Directions: In the entries that follow, find the line containing "In this video, I'm" and the line containing "Let's try 4,321.", then retype exactly the lines from the first through the second, pictures excluded.
*** Data in this exercise ***
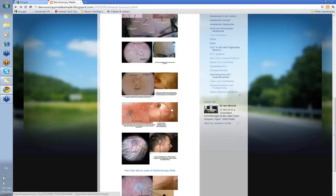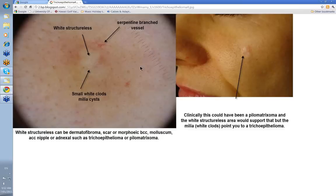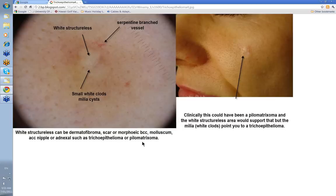We've dealt with white structureless. Let's look at blue structureless. Going back briefly: white structureless can be a dermatofibroma, a scar, or a morphoeic BCC. Remember the dermatofibroma — the white structureless is in the middle, usually surrounded by lines reticular around the outside, due to collagen. The scar and morphoeic BCC also have a lot of collagen. Molluscum will give you white structureless — these are the molluscum bodies. An accessory nipple can sometimes give a white structureless centre. And we've talked about adnexal tumours — the trichoepithelioma and the pilomatrixoma — so these are the things that can cause white structureless.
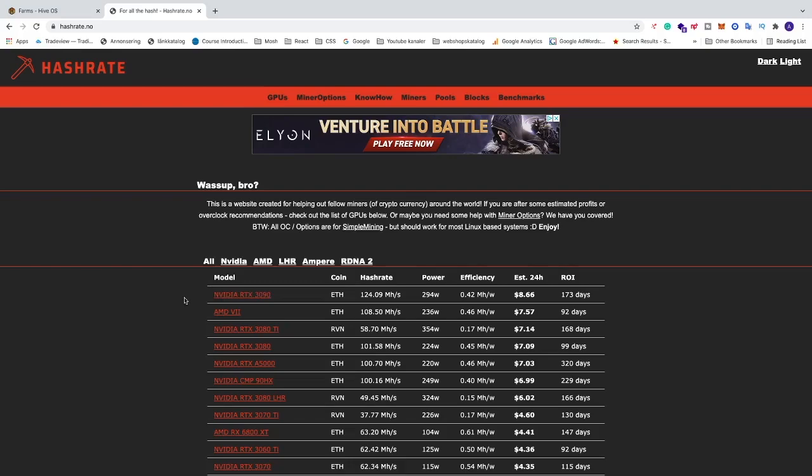Ok everyone, so in this video I'm going to show you some overclocking settings that you can get from hashrate.no for your 3070Ti LHR card. We're going to do this in HiveOS. I will leave a link in the description of this video for how you can install and set up HiveOS.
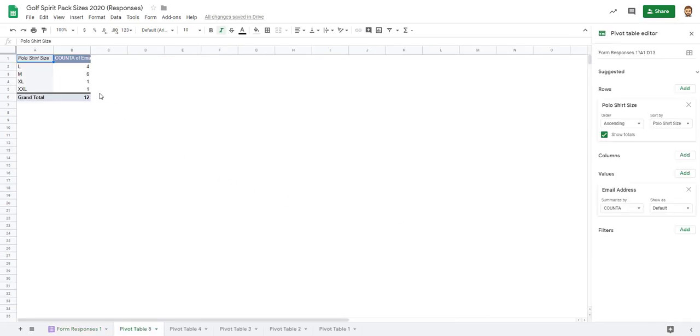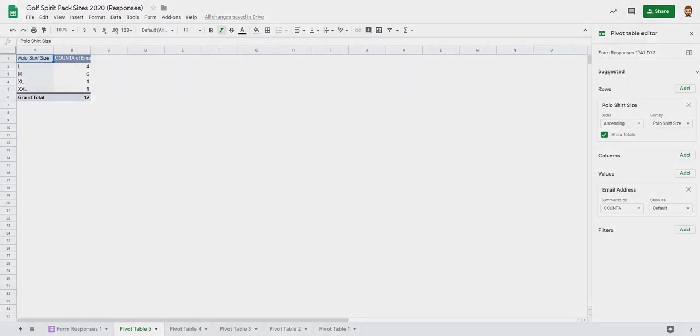So if that's something that you feel better about, you have that option too. Hopefully this helps. Of course, I like to make things easy, and pivot tables will do it. So good luck.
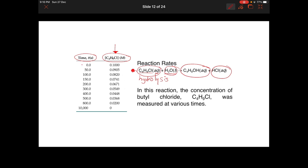Time T starts from zero, then 50-second intervals, then 100-second intervals, increasing until we reach 10,000 seconds. The unit is seconds, while the concentration of butyl chloride is in molars. Being a reactant, you can see that the concentration is reducing over time until we reach zero molars at 10,000 seconds.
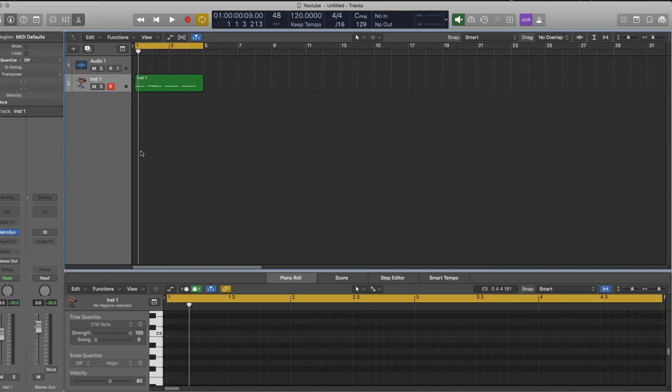Hi, so in this video I'm going to show you how you can use MIDI effects to expand the capabilities of your software synthesizers within Logic.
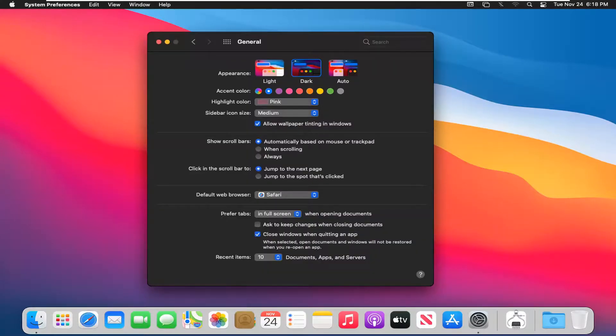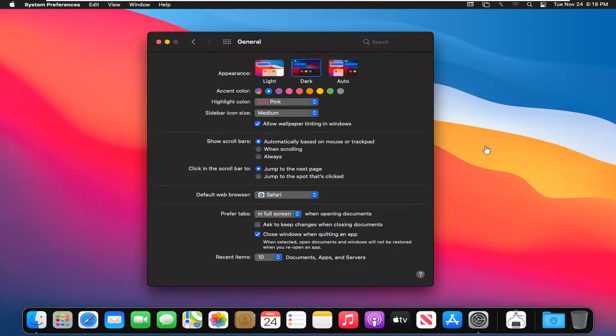And there you go. Simple as that. You can close out of here and do whatever you want, the theme has been changed.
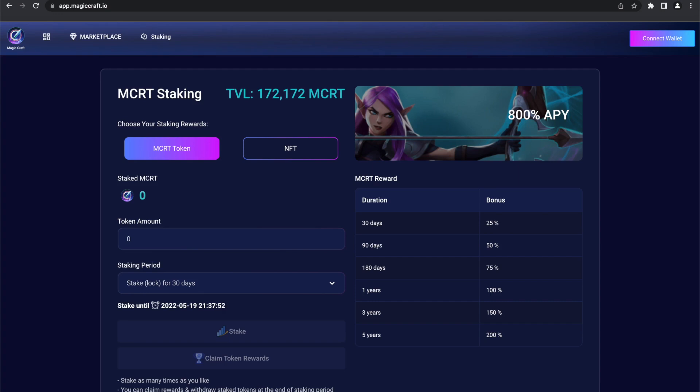Hello everyone, it's Dory from Magikraft here with you again. Today I'm going to be showing you how to stake your MCRT on our new website.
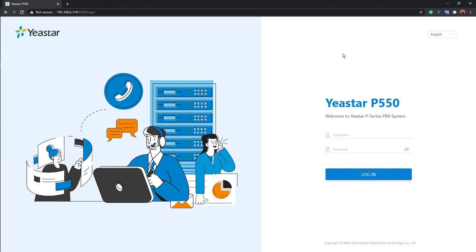Hey guys, thank you so much for your participation in today's session. This is going to be Session 1 for the Yaystar P-Series configuration. We're going to use this live demo, the Yaystar P550, as an example, and I'm going to show you more details about the P550 configurations.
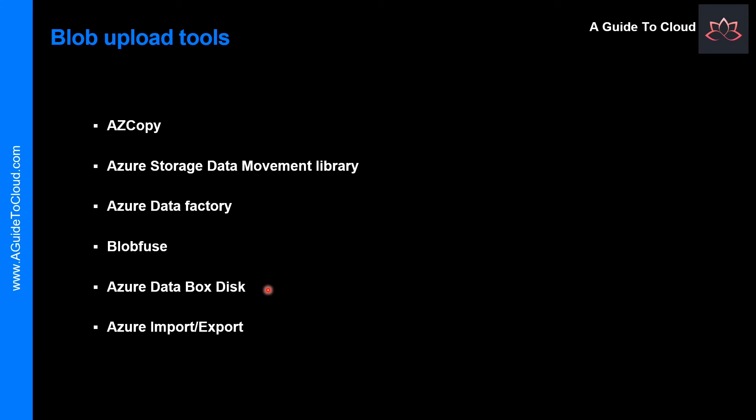The next option is Azure Data Box Disk. This is a service for transferring on-premises data to Blob Storage when large datasets or network constraints make uploading data over the wire unrealistic. You can use Azure Data Box Disk to request solid-state disks (SSDs) from Microsoft. You can then copy your data to those disks and ship them back to Microsoft to be uploaded into Blob Storage.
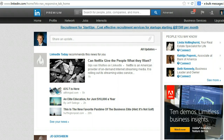You may or may not have the same interface as this one, but if you're struggling to find the request recommendation, there's a good chance you have this one because they've really hidden it.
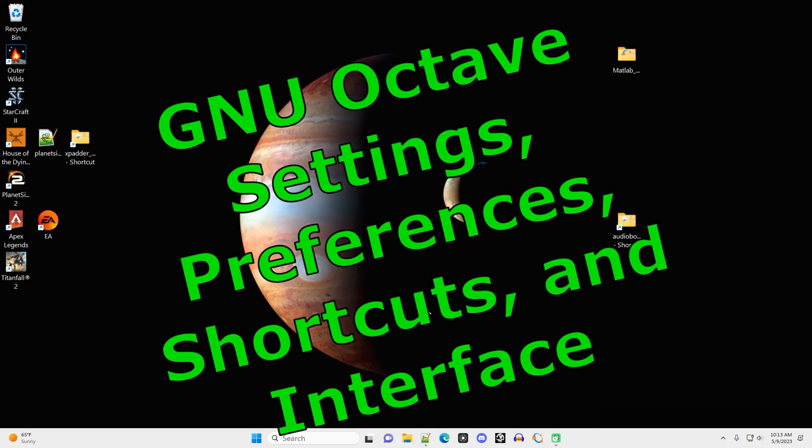In this video, I'm going to show you how to set up some of the settings and preferences in Octave, show you some of the hotkeys and shortcuts, and run our very first short Octave script.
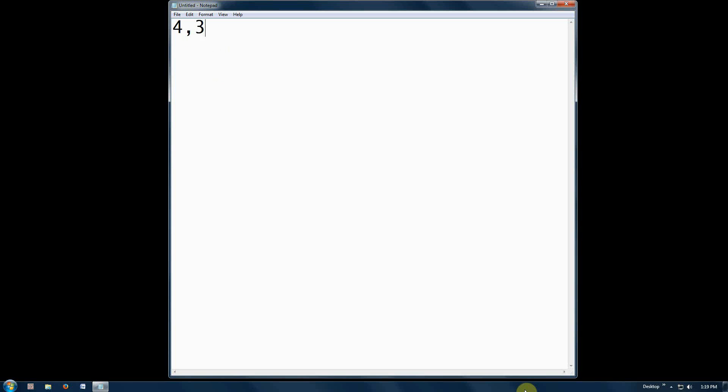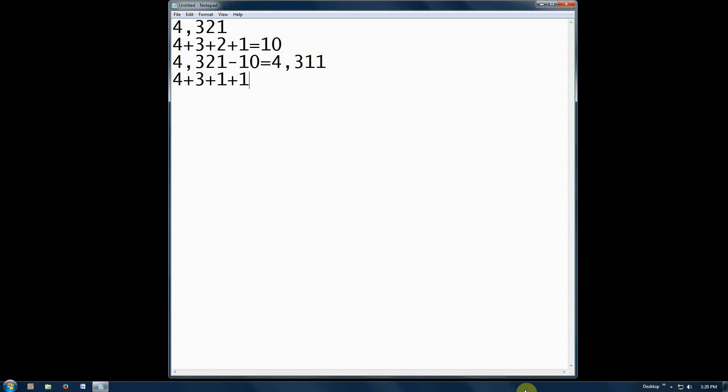Let's try 4,321. 4 plus 3 plus 2 plus 1 equals 10. 4,321 minus 10 equals 4,311. 4 plus 3 plus 1 plus 1 equals 9.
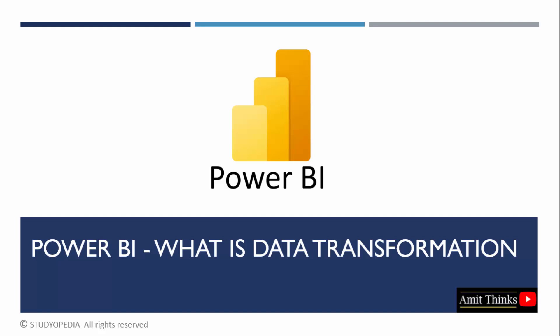In this lesson, we will see what is data transformation in Power BI. Let's say you're uploading an Excel file and the data is not clean. You can easily clean the data, fix the data, fix the missing values, fix the duplicate values using the data transformation concept.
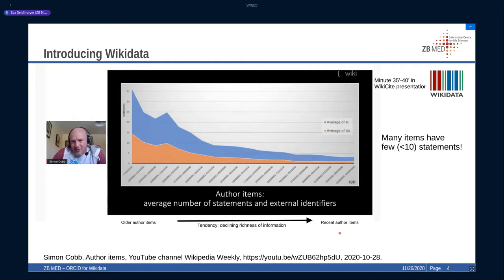Semantic databases rely on quantity but also on the quality of data in terms of statements and information given with those items. This made us think that we want to work on the consolidation and the improvement of the existing information rather than introduce even more thin data.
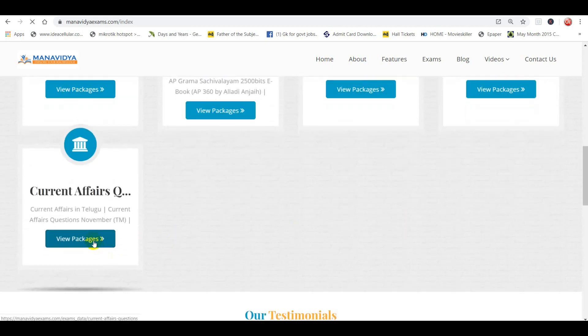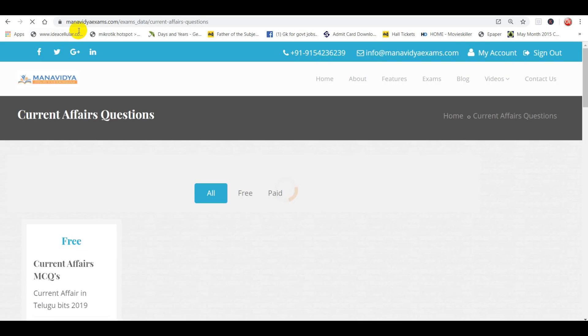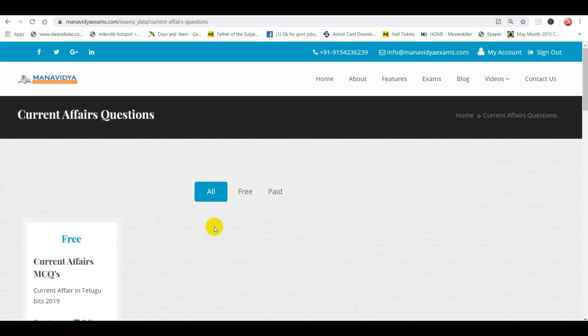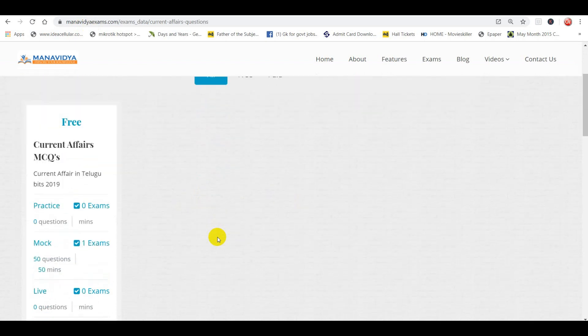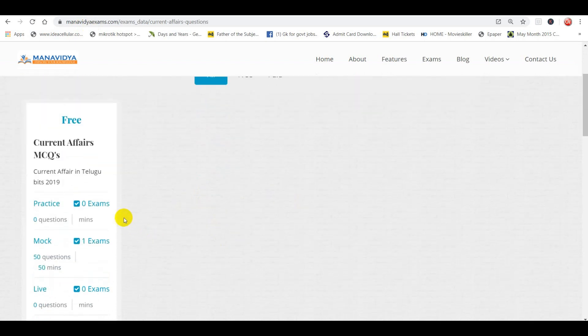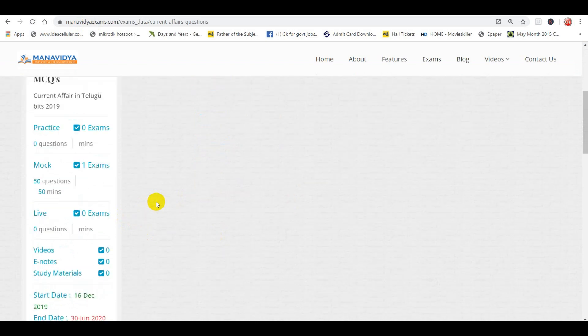We have complete details in the view package. We have a free exam for 50 questions. We also have a standard exam, and we are going to generate 15 questions in the free exam.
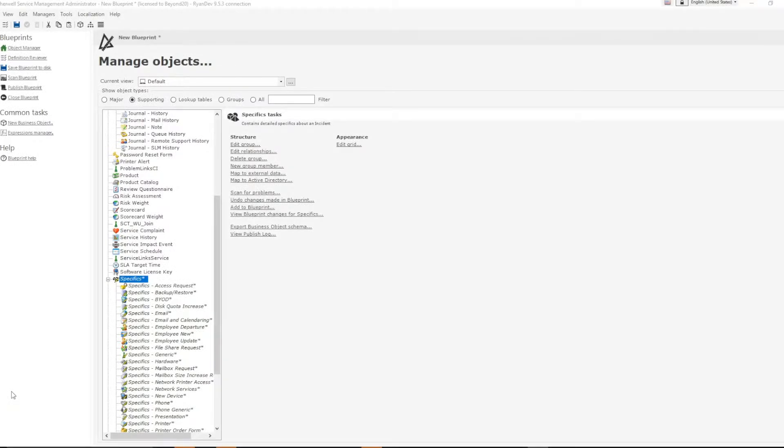Hello, my name is Ryan Tabor and I'm a solutions consultant with Beyond20. Today I'll be discussing a method to update a shared field in a group object.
*** End of Data in this exercise ***
Written solution:
In this video, I'm going to show you how to set up some of the settings and preferences in Octave, show you some of the hotkeys and shortcuts, and run our very first short Octave script.
Let's try 4,321. 4 plus 3 plus 2 plus 1 equals 10. 4,321 minus 10 equals 4,311. 4 plus 3 plus 1 plus 1 equals 9.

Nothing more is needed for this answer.